Once you find the line with "Skoda Octavia Airbag" in the data below, transcribe exactly each line from there to the line with "Cần bán đất", inclusive, and nothing else. Drop the pictures.

*** DATA EXTRACTS

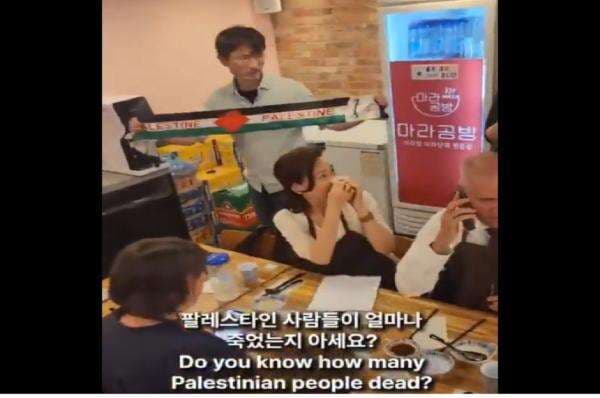 Lagi Asyik Makan di Restoran Seoul, Dubes Israel Ketakutan Diteriaki Genosida oleh Aktivis Lagi Asyik Makan di Restoran Seoul, Dubes Israel Ketakutan Diteriaki Genosida oleh Aktivis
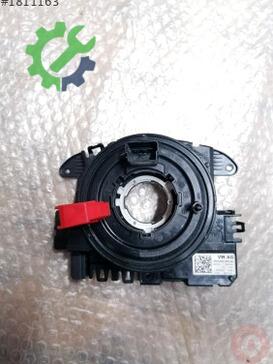 Skoda Octavia Airbag Sargısı 5K0953569AL çıkma parça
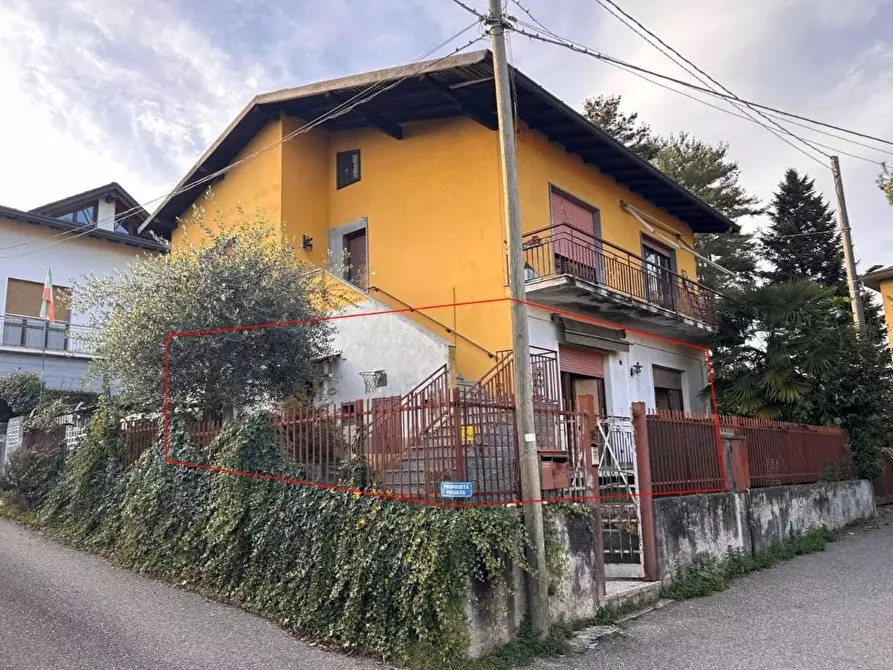 Immagine 1 di Appartamento in vendita  in Via CESARE PAVESE 15 a Arsago Seprio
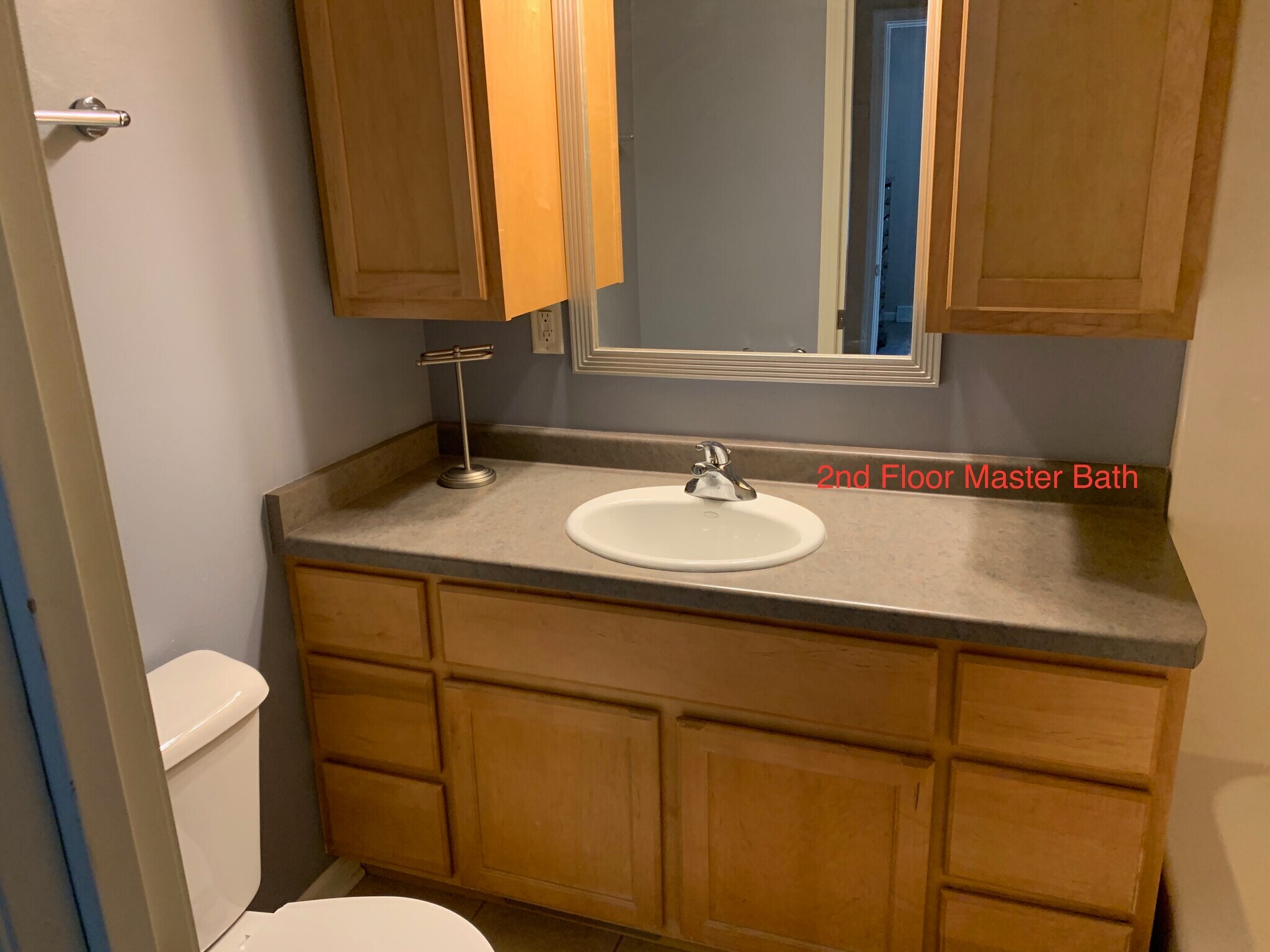 Building Photo - 112 Cook St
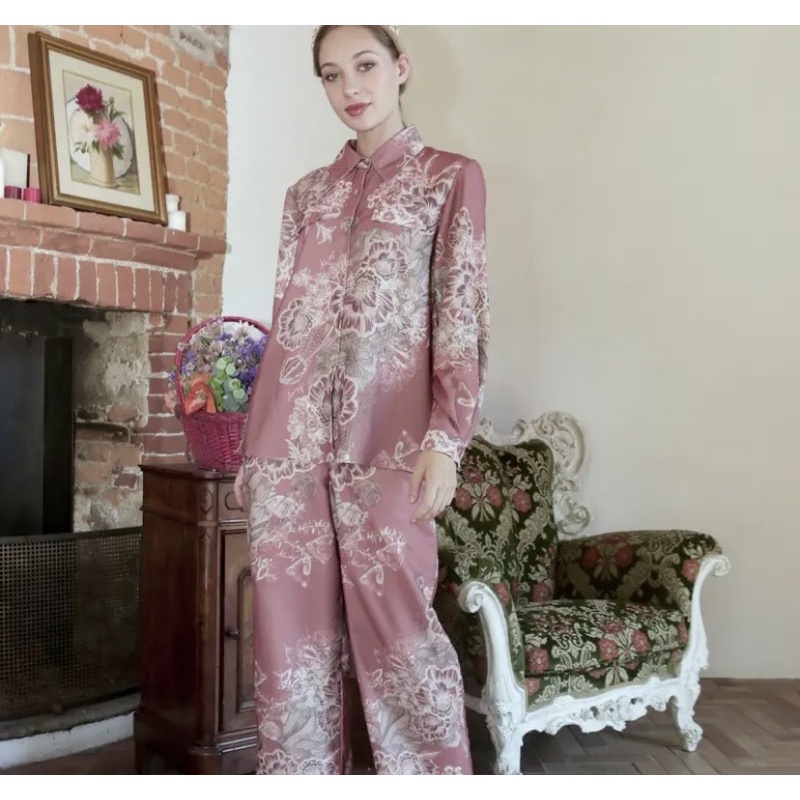 Sale wearingklamby chloe shirt marsala size M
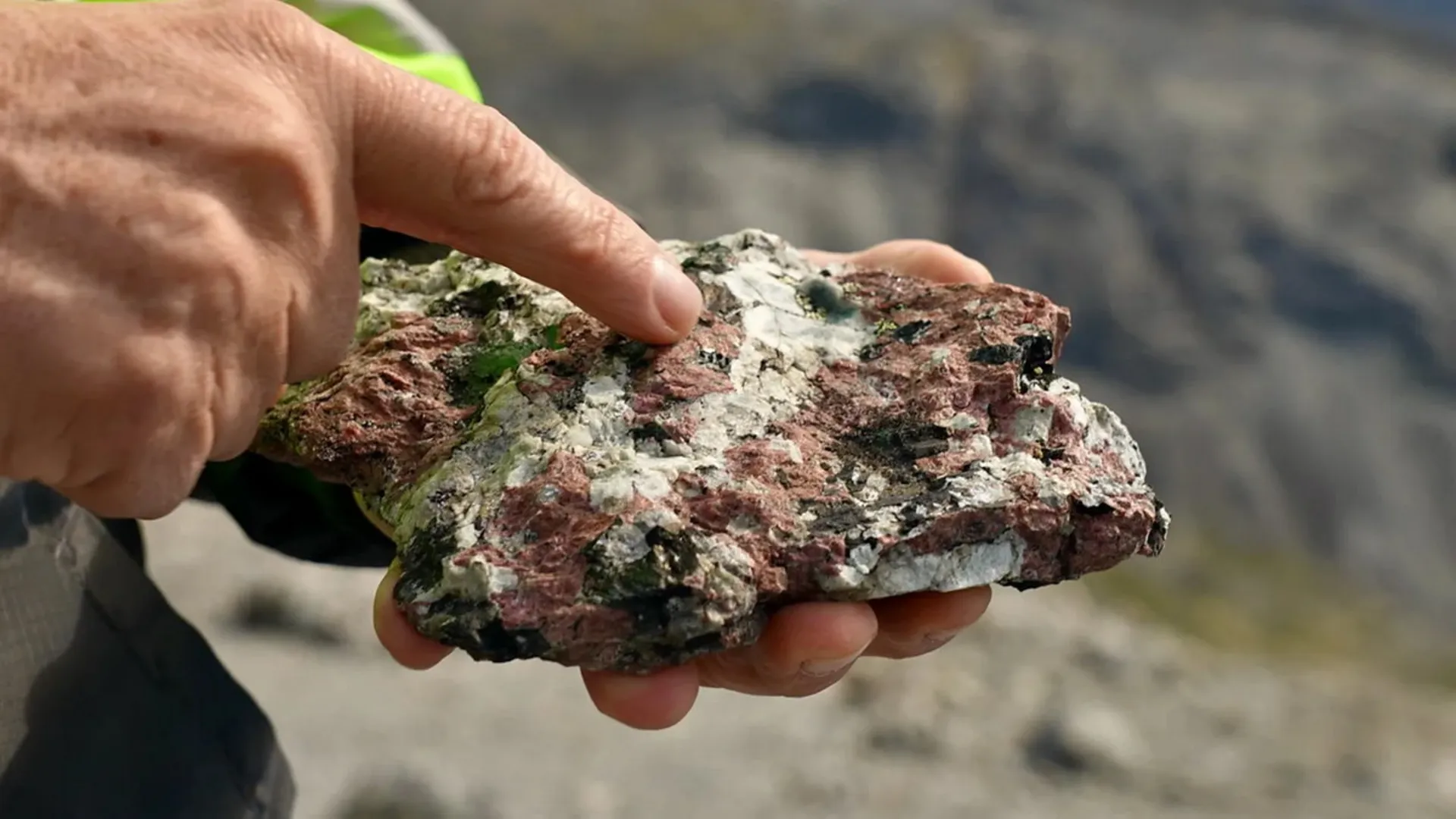 نمونه سنگی حاوی عناصر کمیاب، Black Arfvedsonite و White Feldspar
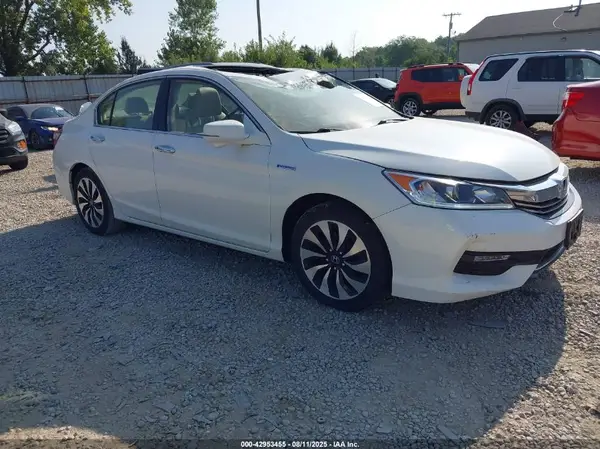 JHMCR6F51HC027046 2017 HONDA ACCORD - Image 1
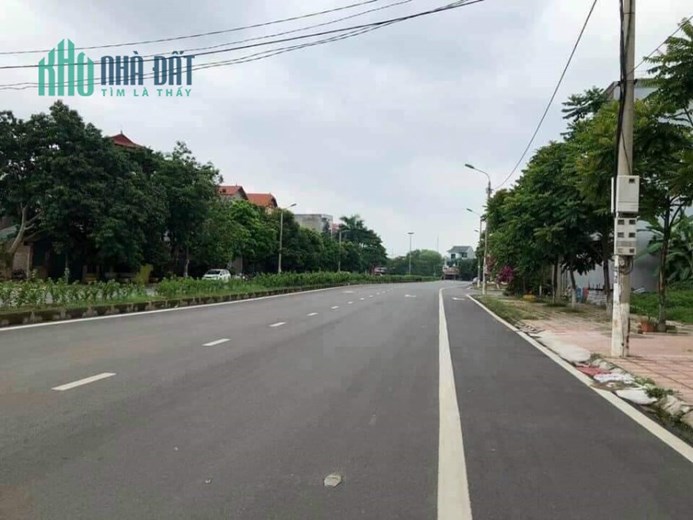 Cần bán đất tại mặt phố Nguyễn Khoái, Đồng Tâm, Vĩnh yên, Vĩnh Phúc 100m2, giá: 3,xx tỷ.
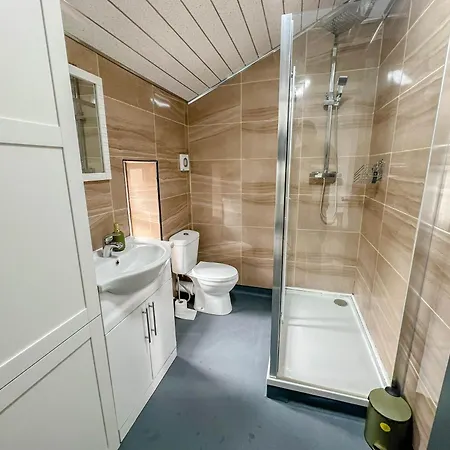 2 Bed - City Centre Flat - Bradford - Ideal For Relocation, Family Getaway Or Working Professionals Apartment Bradford (West Yorkshire)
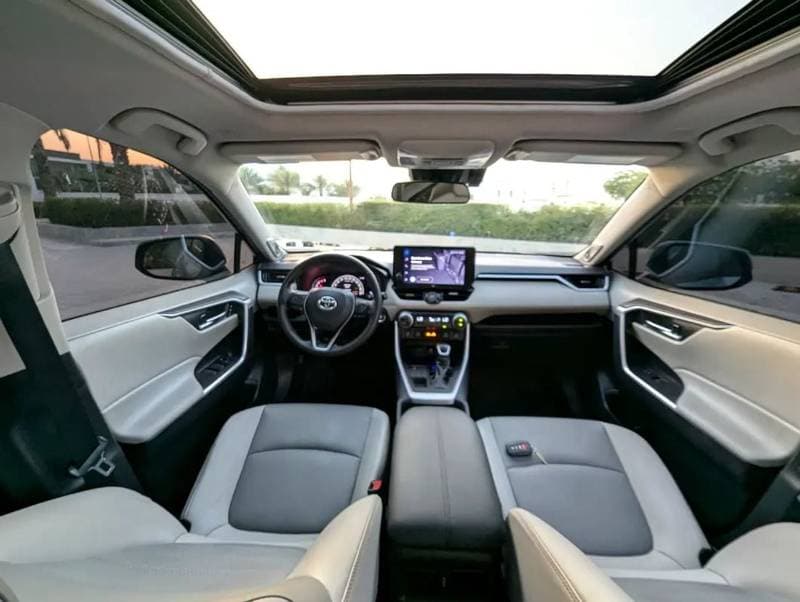 2023 Toyota RAV4 LE thumbnail 4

******

> [YOUR RESPONSE]:
 Skoda Octavia Airbag Sargısı 5K0953569AL çıkma parça
 Immagine 1 di Appartamento in vendita  in Via CESARE PAVESE 15 a Arsago Seprio
 Building Photo - 112 Cook St
 Sale wearingklamby chloe shirt marsala size M
 نمونه سنگی حاوی عناصر کمیاب، Black Arfvedsonite و White Feldspar
 JHMCR6F51HC027046 2017 HONDA ACCORD - Image 1
 Cần bán đất tại mặt phố Nguyễn Khoái, Đồng Tâm, Vĩnh yên, Vĩnh Phúc 100m2, giá: 3,xx tỷ.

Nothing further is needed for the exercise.